Bella Vista Church of Christ



Randall Caselman


Faces In The Crowd


  Play along with me for a moment. Recall the last photograph you saw on the news, perhaps of a politician, maybe a tight-end catching a Hail-Mary pass, or an entertainer belting out your favorite song.There are always people in the background, unknown faces with life stories just as important as the prominent person in the picture.


  Ever focus on a face in the crowd and wonder what their life story was about: Where they were from? How come them here? How did they feel about what they were witnessing? Ever wonder about their relationship with God: Were they atheists, agnostics, believers, faithful participants in God's household?


  It's the day after the crucifixion; you're reading the "Jerusalem Times" with pictures of a self-proclaimed Messiah dying on a cross outside the city. As usual, there are faces in the crowd, and we wonder what's their life story?


  Judas– Hanging from a rope beside the path across the Kidron. Conscience come home. Betraying his friend became a burden too heavy to bear, so he takes his own life. We too have a choice, will we betray Him or cultivate an in-depth relationship?


  Peter – This is the man we heard saying, "I'll go with You wherever You go, I'll never leave or forsake You. I'll die with You." But now, we can barely see his face in the shadows, following Jesus at a distance, not wanting to be recognized as a disciple. Is this our face in the crowd?


  Annas & Caiaphas – Two men who have placed ambition before a relationship with this dying man. They couldn't hear Him say "love Me more than these."


  Pilate – I hate conflict! In most cases I'll remain neutral in the argument, but there are times that neutrality is wrong. It was Jesus who said, "you are either for Me or against Me." I wonder how many times my neutrality crucifies Jesus afresh?


  Barabbas – He's been arrested, tried, found guilty, sentenced. Guilty! Where he should have died, Jesus died in his stead: "bore our griefs, carried our sorrows, wounded for our transgressions, bruised for our iniquities, by His wounds we are healed." We all share Barabbas' guilt, Amen?

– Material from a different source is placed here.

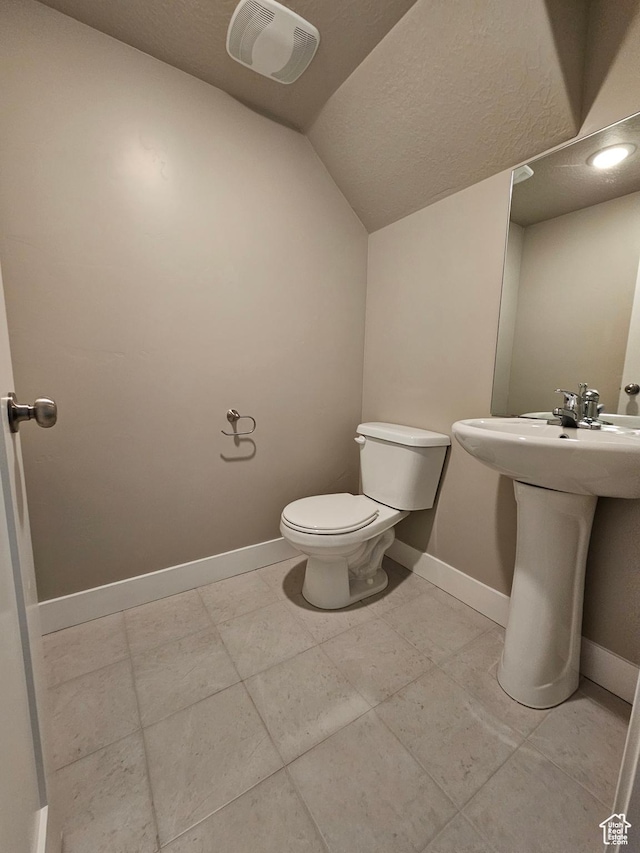 542 N 1400 W Lot 29, Springville, UT 84663 - half bath featuring lofted ceiling, toilet, baseboards, a textured ceiling, and a sink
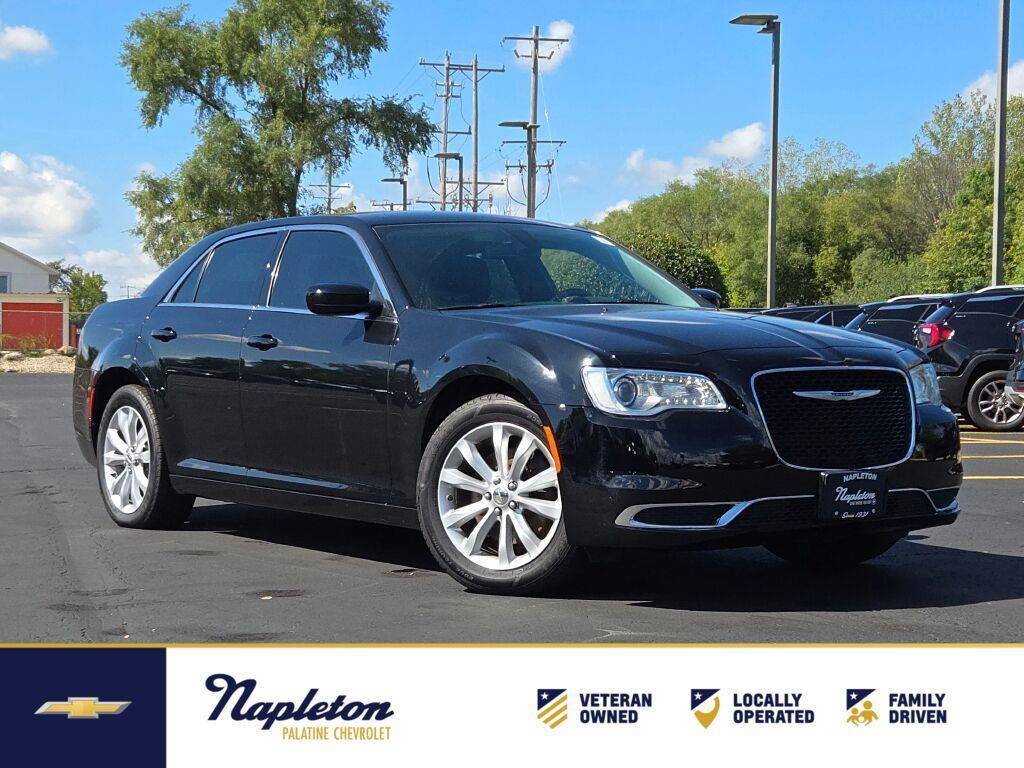 2018 Chrysler 300 Touring — Sedan — 110,552 mi — Palatine, IL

  The two Thieves – It appears that both are arrogant, "heaping insults upon Him." But as the end neared, one heart was softened, and we hear him say "Don't you fear God... We are punished justly but this man has done nothing wrong." Precious words from the lips of Jesus: "Today you will be with Me in paradise." We gotta decide, arrogant or contrite heart, which will it be? Which face belongs to us?


  The Soldiers – They are only doing their jobs, indifferent to the one on the cross. They are more interested in who gets His clothing than His suffering. Indifference! What an ugly word. Lukewarm indifference was the sin of the church in Laodicea. Indifference, a sin that sickens Jesus. May we never be guilty.


  The Crowd – Prove yourself and we'll believe: "Come down from the cross and we'll believe." Many today want proof of God, but it's faith, believing without proof, that pleases Him. (Hebrews 11.6)


  Mother Mary – She lingers at the cross. Gotta ask, do we linger in our worship or are we constantly watching the clock. Amazing isn't it that the women show more bravery than the twelve? Here is an observation: The women (Those who served Jesus) are the ones who seem to love Him most, lingering at His death and at the tomb. "If you love Me you will keep My commandment!" (If you love Me, you will serve Me). Serving the Jesus in others is proof of our love.


  The Centurion – Here's a man awestruck with Jesus. "Surely this was the Son of God." Are we awestruck, or do we take Him for granted: "Ho-hum, another Sunday, another sermon, wonder where we're going to eat lunch?" Do we see our creator God on this cross? Really?


  Faces in the crowd. But one of these faces belongs to you and your writer? Which one describes us most accurately?